CA Aix-en-Provence, 2e ch. civ., 13 mars 1997, n° 93-22641
AIX-EN-PROVENCE
Arrêt
PARTIES
Demandeur :
Yves Saint Laurent Parfums (SA)
Défendeur :
Fusco
COMPOSITION DE LA JURIDICTION
Président :
M. Dragon
Conseillers :
MM. Semeriva, Isouard
Avoués :
SCP Liberas Buvat Michotey, SCP Boissonnet-Rousseau
Avocats :
Mes Di Marino, Ghozland.
Exposé du Litige :
Madame Andrée Fusco, qui exploite un commerce de parfumerie, a été distributeur agréé de la Société Yves Saint Laurent Parfums (la société YSLP). Des litiges sont nés entre elles au sujet de la violation du contrat de distribution et par jugement du 28 novembre 1991, le tribunal de commerce de Nanterre a prononcé diverses condamnations à l'encontre de Madame Fusco pour infraction aux règles de la distribution agréée et notamment a ordonné la publication de son jugement seulement en ce qui concerne Madame Andrée Fusco (il y avait une autre partie) et à ses frais dans trois journaux dont une publication de la région de Marseille, le tout au choix de la société YSLP.
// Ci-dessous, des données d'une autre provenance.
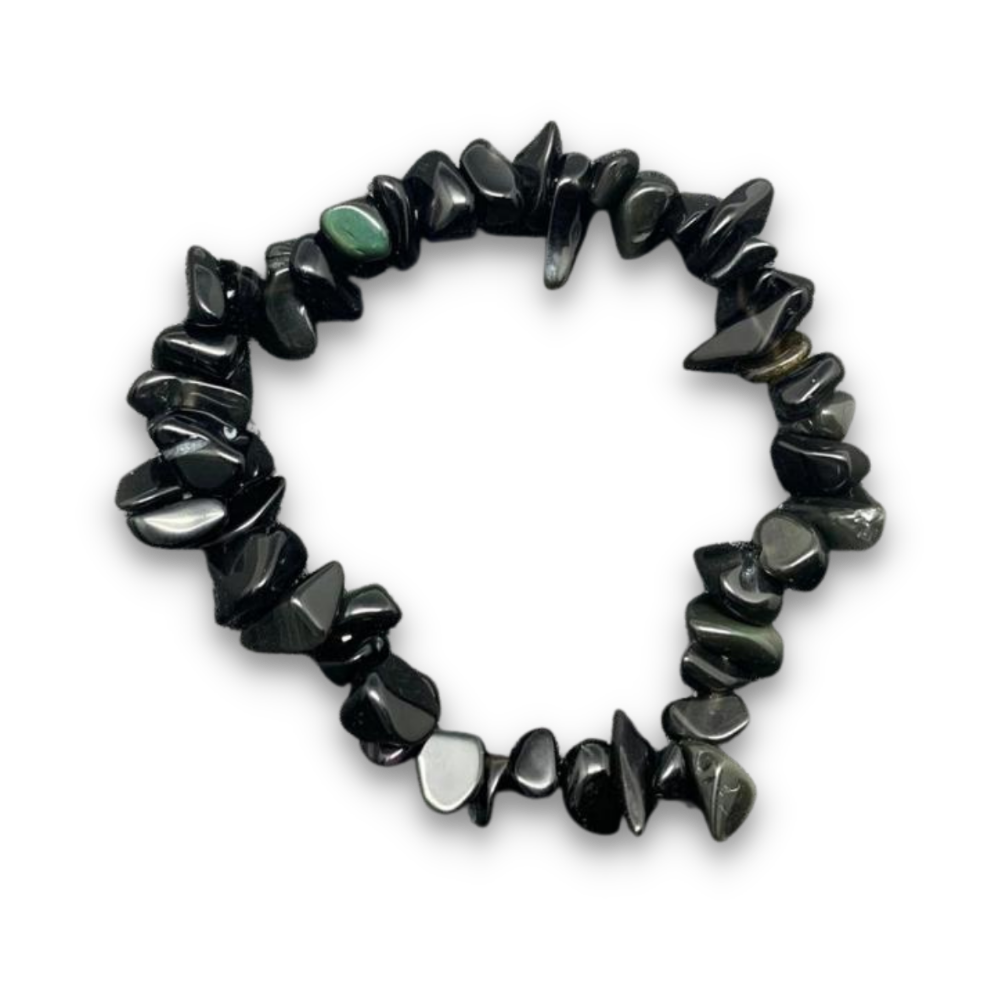 Bracelet Baroque en Agate noire "Persévérance & Protection"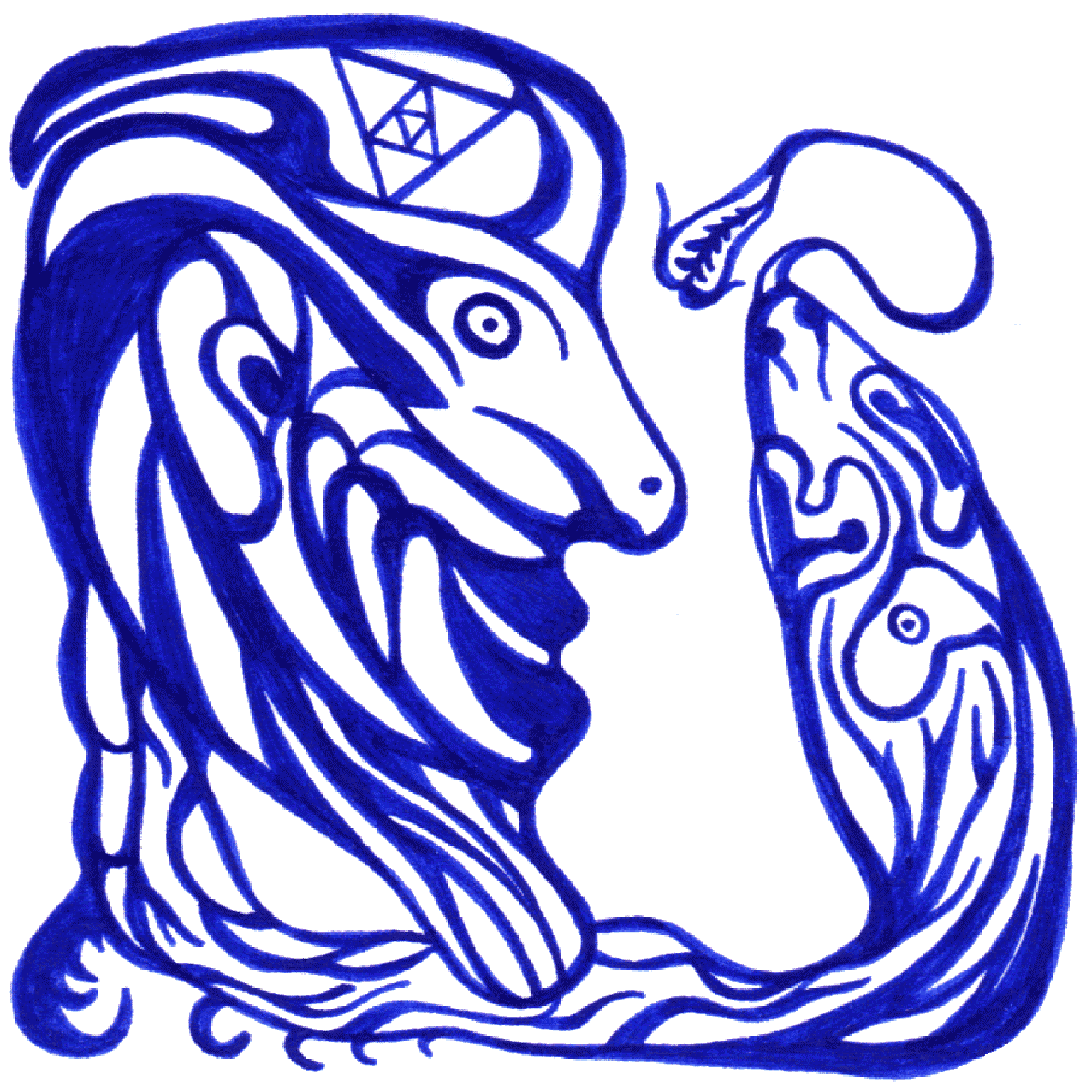 Nachdenkliche Tintenillustration „Jeder Mensch ist ein Geschenk“, symbolisiert Einzigartigkeit und innere Wünsche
Estimant que la manière dont cette publication avait été effectuée dans les journaux Le Provencal et Le Méridional du 13 février 1993 était fautive, Madame Fusco a poursuivi la société YSLP devant le tribunal de commerce d'Aix-en-Provence lequel, par jugement du 1er décembre 1993, après avoir écarté les exceptions de procédure, a condamné cette dernière à payer à son adversaire la somme de 200 000 F de dommages-intérêts outre celle de 7 000 F au titre de l'article 700 du Nouveau code de procédure civile.
Le 10 décembre 1993, la société YSLP a interjeté appel de cette décision dont elle sollicite l'infirmation.
Tout d'abord, elle soulève l'incompétence territoriale du tribunal de commerce d'Aix-en-Provence au profit de celui de Nanterre dans le ressort duquel se trouve son siège social ou de celui de Marseille dans le ressort duquel le fait dommageable est subi.
Ensuite, elle demande le renvoi de l'affaire devant la Cour d'Appel de Versailles saisie de l'appel du jugement du tribunal de commerce de Nanterre du 28 novembre 1991, en raison de la connexité entre les deux instances ou le sursis à statuer jusqu'à ce que la Cour d'appel de Versailles se soit prononcée.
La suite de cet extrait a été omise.